About this task ▸
Go through the records and restate them word for word, omitting images.

Data ▸
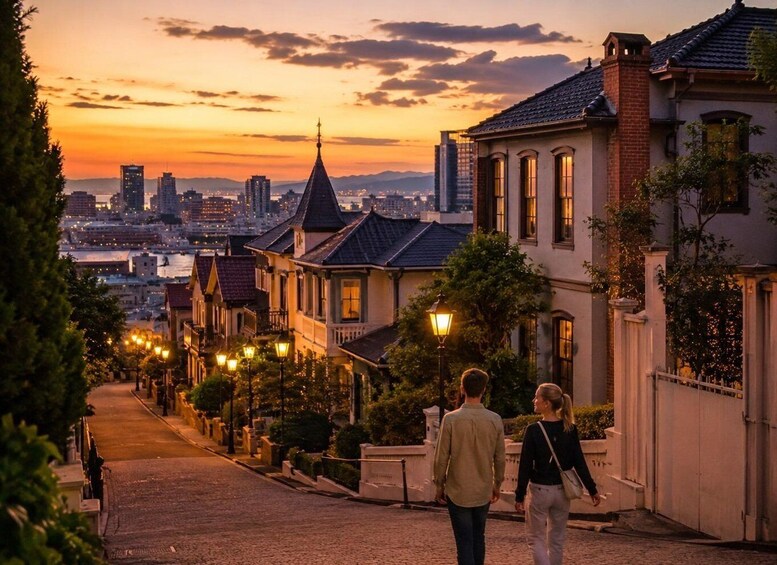 A couple walking down a cobblestone street lined with historic buildings and street lamps. 2
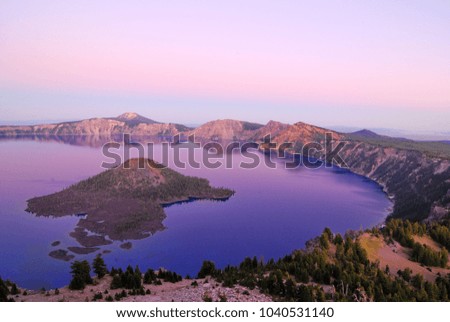 A beautiful view of Crater Lake at sunset in summer in Oregon state USA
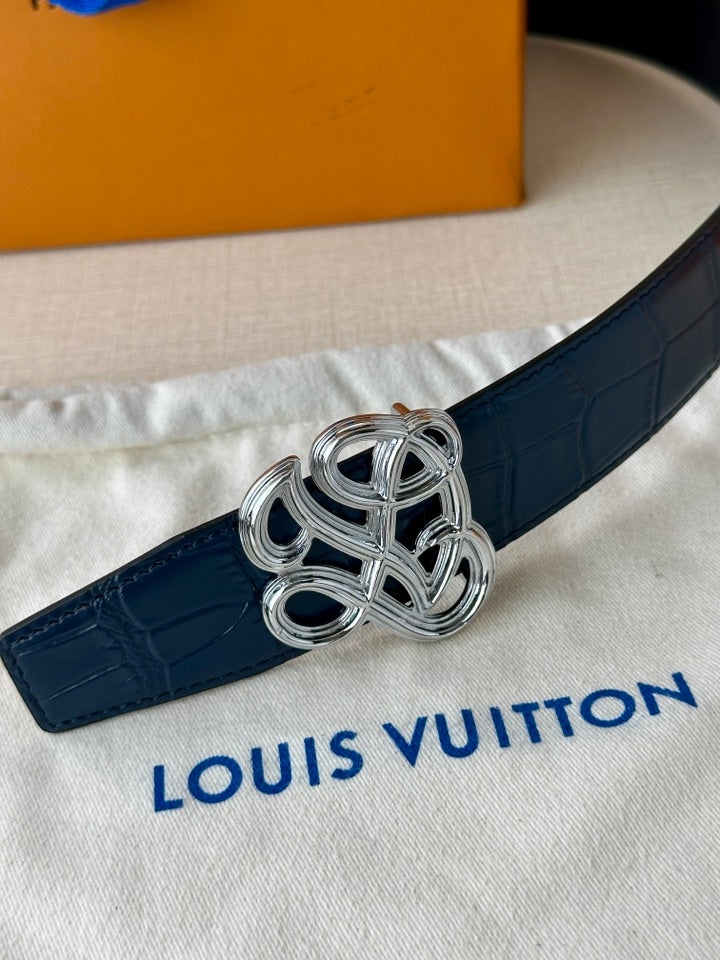 Louis Vuitton belt detail: dark blue leather with silver-tone knot buckle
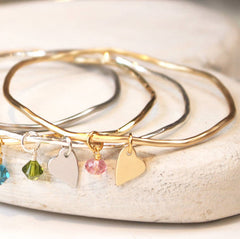 Close up of personalised bridesmaid gifts heart bangles with crystals.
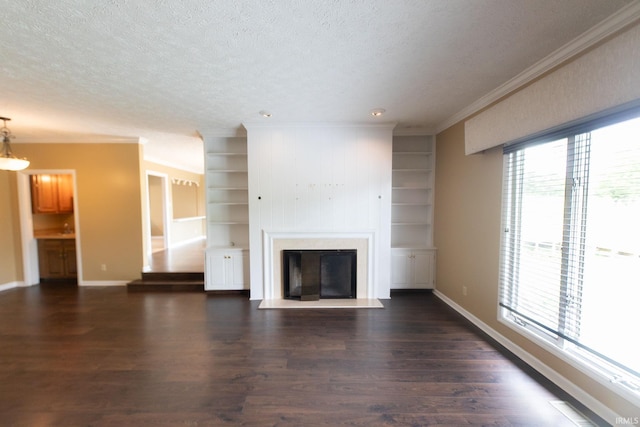 604 W Soutar Dr, Bloomington, IN 47403 - unfurnished living room with ornamental molding, baseboards, dark wood-style flooring, a glass covered fireplace, and a textured ceiling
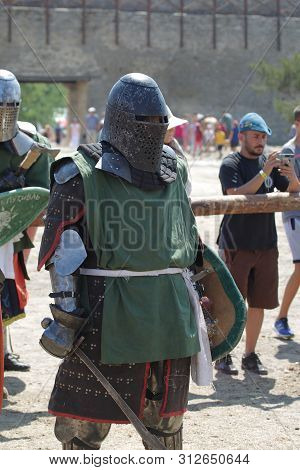 Odessa, Ukraine - July 20, 2019: Battle Of The Knights With Medieval Weapons At The Medieval Perform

Finished task ▸
 A couple walking down a cobblestone street lined with historic buildings and street lamps. 2
 A beautiful view of Crater Lake at sunset in summer in Oregon state USA
 Louis Vuitton belt detail: dark blue leather with silver-tone knot buckle
 Close up of personalised bridesmaid gifts heart bangles with crystals.
 604 W Soutar Dr, Bloomington, IN 47403 - unfurnished living room with ornamental molding, baseboards, dark wood-style flooring, a glass covered fireplace, and a textured ceiling
 Odessa, Ukraine - July 20, 2019: Battle Of The Knights With Medieval Weapons At The Medieval Perform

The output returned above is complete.